Model real data with tables, primary keys, and foreign keys, and recognize the three relationship types. Normalize through 1NF to 3NF to kill duplication, and know the cases where breaking the rules is the right call.

Your data has a shape, your job is to find it

You build a feature. A user signs up, places an order, the order has a few items, each item points to a product. Simple in your head, but the moment you try to store it, the questions start. Do you stuff the whole order into one row? What happens when the same product appears in a thousand orders? When the product price changes, do all the old orders silently change too?

These aren't database trivia. They're the difference between an app that stays correct as it grows and one that quietly corrupts itself. Relational modeling is the skill of taking the messy real world and laying it out as tables that reference each other, so every fact lives in exactly one place, and nothing can drift out of sync.

Who this is for

Anyone who can write a bit of code but has never deliberately designed a database. If you've used an ORM without knowing what it generates underneath, or you've felt unsure whether something is "one table or two," this is for you. No prior SQL required, we build it up from nothing.

The one-sentence definition (and a filing cabinet)

A relational database stores data as tables of rows, where each table holds one kind of thing, and rows point at each other using keys.
The whole idea, in one line

That's it. Everything else, keys, joins, normalization, is just the machinery that makes those pointers reliable. Before any syntax, get the mental picture right.

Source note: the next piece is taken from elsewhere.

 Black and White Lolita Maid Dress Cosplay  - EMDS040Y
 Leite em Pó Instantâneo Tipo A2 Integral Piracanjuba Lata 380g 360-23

A labelled filing cabinet, one drawer for Customers, one for OrdersA table, each holds exactly one kind of record

A single sheet of paper in a drawerA row, one customer, one order

The fields printed on that sheet (name, email, date)Columns, the attributes of the record

A unique customer number stamped on every sheetA primary key, the row's permanent ID

An order sheet that writes "Customer #4471" instead of recopying the addressA foreign key, a reference to a row in another table

Think of a well-organized office, not a single giant spreadsheet.

The magic is in that last pair. An order sheet doesn't recopy the customer's name and address, it just *references* the customer by their number. Change the address once, in the Customers drawer, and every order automatically points at the new one. That single idea is what relational databases are built to protect.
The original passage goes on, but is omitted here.